29 maio 2007

A informação quer ser uma miscelânea


Everything is Miscellaneous (Prólogo):
But we all know how reality works, so why worry about what might be possible in some sci-fi alternative universe?

Because the alternative universe exists. Every day, more of our life is lived there. It’s called the digital world.

Instead of atoms that take up room, it’s made of bits.

Instead of making us walk long aisles, in the digital world everything is only a few clicks away.

Instead of having to be the same way for all people, it can instantly rearrange itself for each person and each person’s current task.

Instead of being limited by space and operational simplicity in the number of items it can stock, the digital world can include every item and variation the buyers at Staples could possibly want.

Instead of items being placed in one area of the store, or occasionally in two, they can be classified in every different category in which users might conceivably expect to find them.

Instead of living in the neat, ordered shelves we find in the Prototype Labs, items can be jumbled digitally and sorted out only when and how a user wants to look for them.

Those differences are significant. But they’re just the starting point. For something much larger is at stake than how we lay out our stores. The physical limitations that silently guide the organization of an office supply store also guide how we organize our businesses, our government, our schools. They have guided—and limited—how we organize knowledge itself. From management structures to encyclopedias, to the courses of study we put our children through, to the way we decide what’s worth believing, we have organized our ideas with principles designed for use in a world limited by the laws of physics.

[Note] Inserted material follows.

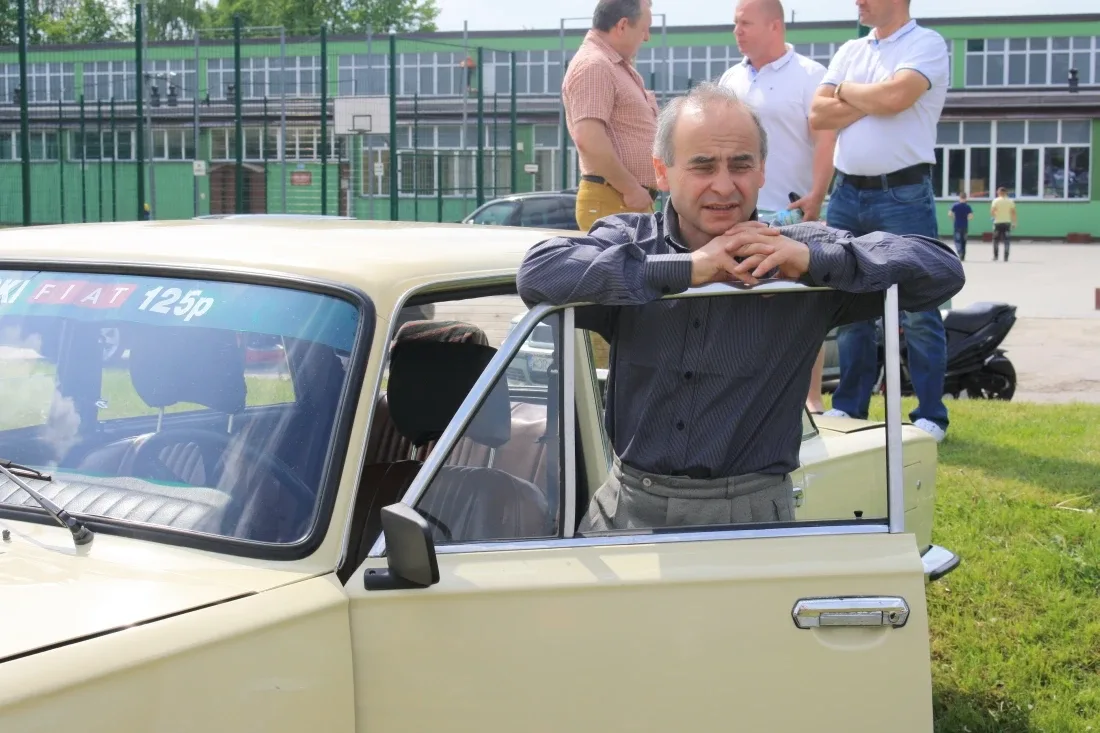 IV Zlot Samochodów Klasycznych i Zabytkowych (zdjęcia)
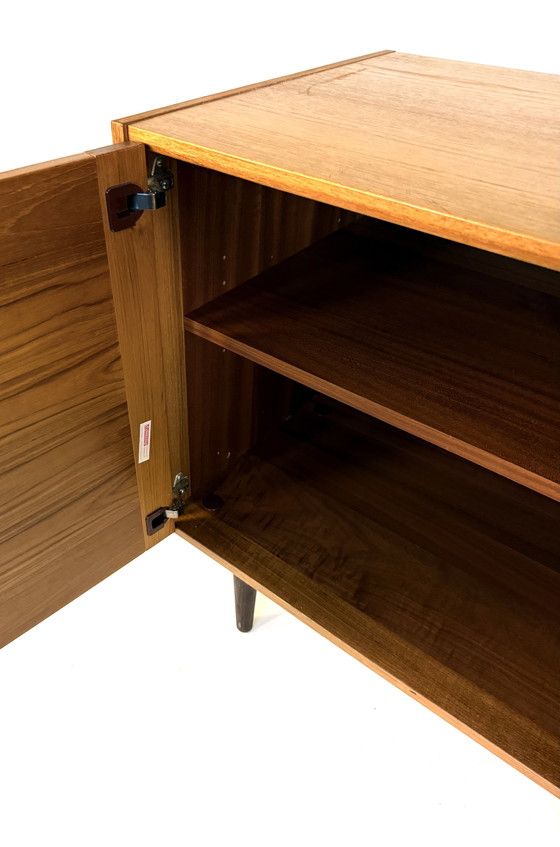 Image 1 of Set of 2 vintage teak wall cabinets, Domini Møbler '60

Suppose that now, for the first time in history, we are able to arrange our concepts without the silent limitations of the physical. How might our ideas, organizations, and knowledge itself change?

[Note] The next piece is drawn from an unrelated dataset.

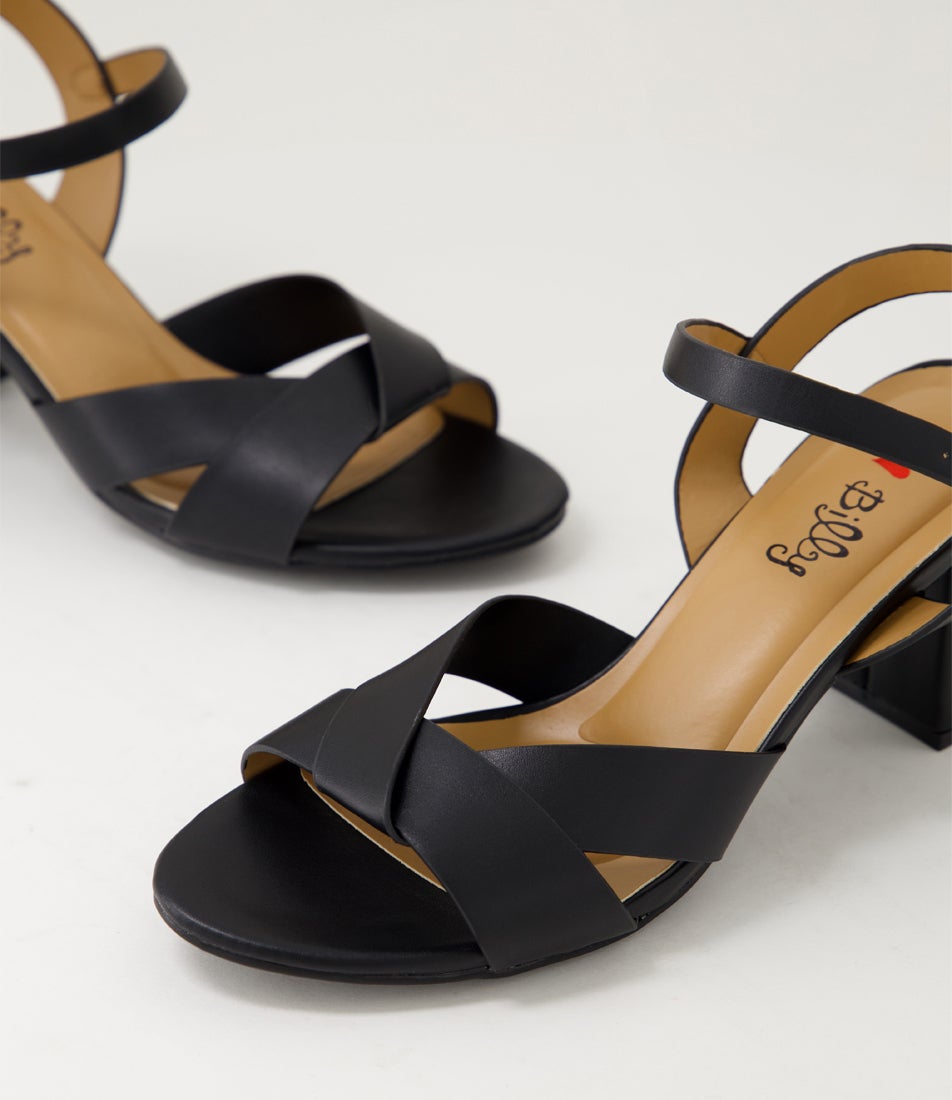 Kora2 Black Sandals Kora2 Black Sandals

That journey will take us from Aristotle to the quiet psychology professor in Berkeley, California, who proved him wrong. From scientists trying to number living things to the businesses that are deciding that if they make their information messier, it’ll be easier to find. From the eighteenth-century encyclopedists who were accused of violating God’s order because they arranged topics alphabetically to the world’s first encyclopedia without editors, page limits, or order.

And here’s a hint about what we will find. As we invent new principles of organization that make sense in a world of knowledge freed from physical constraints, information doesn’t just want to be free. It wants to be miscellaneous.

Capítulo 1: The New Order of Order: We have entire industries and institutions built on the fact that the paper order severely limits how things can be organized. Museums, educational curricula, newspapers, the travel industry, and television schedules are all based on the assumption that in the second-order world, we need experts to go through information, ideas, and knowledge and put them neatly away.